Hadoop Summit Opens Amid Growing Interest in Big Data

Hadoop is front and center at a three-day Hadoop Summit conference taking placing this week in San Jose, California. The Summit, sponsored by key Apache Hadoop provider Hortonworks and by Yahoo, is expected to attract more people and companies than last year’s event.

More than 3,000 participants are expected at the Summit, which begins Tuesday, and there are more than 80 sponsoring organizations. One of the key drivers for this year’s conference is YARN, a cluster resource management layer whose acronym stands for Yet Another Resource Manager and which was released last October. It allows Hadoop to do more than, say, batch-oriented tasks, because computing clusters can be allocated as needed to match workloads.

As the conference opened, Hortonworks announced it was launching a YARN Ready program as part of its Partner Certification effort. The new program provides assurance that tools and applications deemed to be YARN Ready are completely compatible with the Hortonworks Data Platform.

Informatica, MapR

“As more organizations move from single-application Hadoop clusters to a more versatile, integrated Hadoop 2 data platform hosting multiple applications,” Hortonworks said in a statement, “YARN is strategically positioned as the true integration point of today’s enterprise data layer.”

Informatica is expected to show its newest data integration tools, such as its PowerCenter Big Data Edition visual development platform with reusable business rules, running on Hortonworks 2.1. It will also exhibit the Vibe Data Stream for Machine Data, which is intended to collect the streams of messages and events from all those connected devices, or things residing in an Internet of Things, into a Hadoop environment.

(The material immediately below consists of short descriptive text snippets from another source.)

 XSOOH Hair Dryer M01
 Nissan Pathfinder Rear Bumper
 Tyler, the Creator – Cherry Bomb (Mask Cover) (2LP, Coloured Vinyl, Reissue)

MapR Technologies is launching the industry’s first Hadoop application gallery that features big data solutions from a variety of Hadoop ecosystem partners. MapR and big-data software provider Syncsort are announcing a partnership that allows data processing to move from legacy systems into a Hadoop platform, using Hadoop extract/transform/load software.

Dataguise is unveiling its DgSecure data protection platform with the Hortonworks HDP 2.1 Sandbox, designed for protecting data and addressing compliance and data governance in Apache Hadoop.

Skytree, Trifacta

Skytree is making its predictive analytics software available on Apache Hadoop YARN for delivering analytics on Hadoop clusters. Trifacta announced it has certified its Data Transformation Platform with the Hortonworks Data Platform 2.1.

Keynotes include Microsoft discussing “Transforming data into action using Hadoop, Excel, and the Cloud,” and Red Hat addressing “Enterprise Hadoop and the open hybrid Cloud.”

Apache Hadoop is an open-source software project and community that is designed for distributed processing of big data, using clusters of commodity servers that could number in the thousands. On its Web site, Hortonworks notes that Apache Hadoop “enables businesses to gain insight from massive amounts of structured and unstructured data quickly.”

Within the Enterprise Hadoop open-source ecosystem, there are sub-projects, including Falcon for governance, the HDFS distributed file system, Hive and Tez for SQL, and Oozie for operations.